Dentro puede escribir su nombre. Dentro pueden ir las palabras que den cuenta
de qué te puedes encontrar en su interior. O nada. Será su decisión.
Cubiletes morados, rojos, verdes, azules y
amarillos le ofrecen un abanico de lápices, plumas y bolígrafos. Elige uno azul
cobalto. Presiona la bola. Hace una raya en la palma de su mano. Elige una
pluma verde musgo. Traza otra raya al lado de la que hizo con el bolígrafo. La
tinta palpita viva en su piel.
Con la compra dentro de una bolsa
acharolada, moteada de corazones pequeños, sube al autobús que la lleva de
vuelta a casa. Durante el trayecto, comienza la lluvia; al principio cae tímida,
luego las nubes se abren en un aguacero. Al llegar a su parada, chapotea en los
charcos que ya se están formando. Abriría los brazos, dejaría que el agua corriera
por su cara, que le empapara el pelo, pero teme un catarro; aligera el paso
hasta llegar al portal.
Una ducha, ropa cómoda y se sienta frente
a su escritorio. Elige el bolígrafo, mañana será la pluma. Abre la libreta por
la primera hoja y escribe:
Querida yo:
Sé que te he tenido algo abandonada. Una
desidia que habría podido acabar en desastre. Porque dime cómo podría haber
vivido sin ti. O contigo como una sombra, lejos de la luz que nos hace brillar
en plenitud. El quererse no es algo que deba darse por sentado; hay que
cuidarlo con mimo diario para que la duda no entre como carcoma y corroa
nuestros cimientos. ¡Qué sería yo sin amor! Un cascarón, algo vacío de
sustancia. Porque es ese cariño a una misma lo que hace que la piel tenga
color, que los labios sepan a agua dulce cuando pasas la lengua, que las manos
se muevan ligeras y reconozcan la suavidad del pelo, cada rincón del cuerpo.

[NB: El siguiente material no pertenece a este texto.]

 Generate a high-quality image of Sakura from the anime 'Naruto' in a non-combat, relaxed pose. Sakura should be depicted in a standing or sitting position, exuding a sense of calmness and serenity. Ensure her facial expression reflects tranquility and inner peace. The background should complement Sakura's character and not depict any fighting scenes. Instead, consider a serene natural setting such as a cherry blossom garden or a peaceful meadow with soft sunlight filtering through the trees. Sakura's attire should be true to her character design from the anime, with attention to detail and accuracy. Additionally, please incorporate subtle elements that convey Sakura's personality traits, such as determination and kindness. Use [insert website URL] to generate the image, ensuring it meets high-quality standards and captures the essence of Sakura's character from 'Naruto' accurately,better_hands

Hoy he decidido escribir esta carta, a la
que se sumarán, día a día, otras, para que quede constancia de que, a pesar de
haberte vuelto la espalda en ocasiones, aturdida por voces que no eran la mía,
yo te quiero.
¡Jo! Que bonito regalo. Con moraleja de la buena.
ResponderEliminarBesos para las dos.
Y un beso de quitar el hipo para ti, Juan.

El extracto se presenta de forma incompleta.